Two gates govern promotion. The model gate registers a predictive model in the MLflow registry only when it beats the champion on a holdout. The evaluation gate runs the generative system against its evaluation set and blocks on a quality or safety regression. Deployment is a safe rollout — blue-green or canary — with traffic shifted gradually behind the endpoint.

Figure 5. Events drive inference; results flow into enterprise systems; drift triggers retraining.

Figure 6. An agent is gated like a model: evaluate, gate on thresholds, then register and deploy.

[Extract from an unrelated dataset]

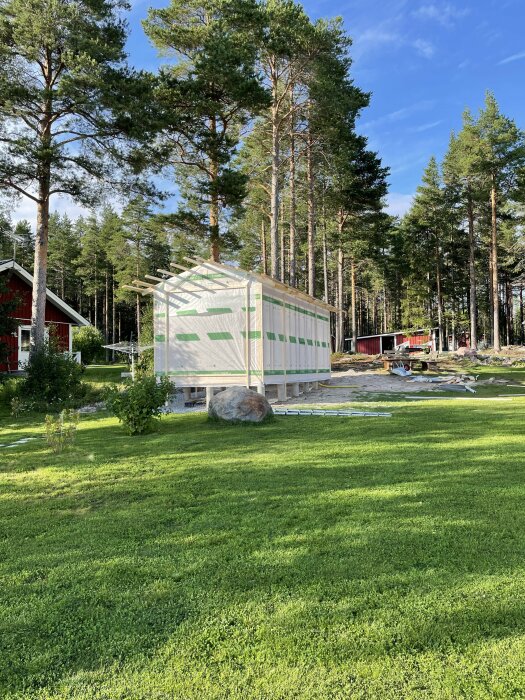 Nyuppställd byggnad med väggblock och takstolar, omgiven av grönska och tallar. Ligger på tomt med gräsmatta, med röda stugor i bakgrunden.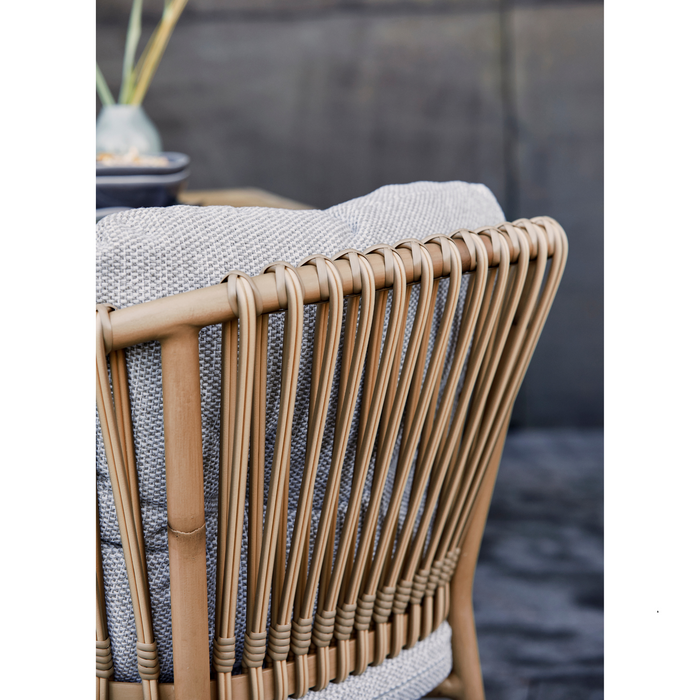 cane-line ocean chair Natural, Medium Round Tube Cane-line Weave chair with Taupe, Cane-line Natté cushion in a patio close up texture lifestyle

7. Closing the loop in production

Monitoring closes the loop. Operational telemetry tracks latency, token cost, error rate, and throughput against service-level objectives — with tighter latency budgets for edge inference — while quality and groundedness scores are sampled live and compared to their evaluation baselines. The label-free drift signals from Section 3, gathered from cloud and edge alike, raise early alarms and trigger retraining once labels confirm a real concept shift; on the generative side, falling retrieval or groundedness scores trigger re-indexing or re-tuning.

Takeaway

Industrial organizations no longer choose between predictive ML and generative AI — they run both, often against the same equipment and the same engineering record. A generative system can be baselined, evaluated, gated, and watched for drift on the same lifecycle a model already follows, so one governance plane and one delivery discipline can cover both. Two habits do most of the work: catch distribution shifts early without waiting for labels, and refuse to ship a model or an agent that regresses against its evaluation set. Neither is new on its own — the point is that together they compose into a single operating model that survives the move from the cloud down to constrained hardware on the line.

References available on request: RAG (Lewis et al. 2020; Gao et al. 2023), ReAct (Yao et al. 2023), concept drift (Gama et al. 2004/2014; Bifet & Gavaldà 2007), evaluation metrics (Papineni 2002; Lin 2004; Banerjee & Lavie 2005), benchmarks (Hendrycks et al. 2021; Chen et al. 2021), MLflow (Zaharia et al. 2018), MLOps (Kreuzberger et al. 2023), LLM evaluation survey (Chang et al. 2024).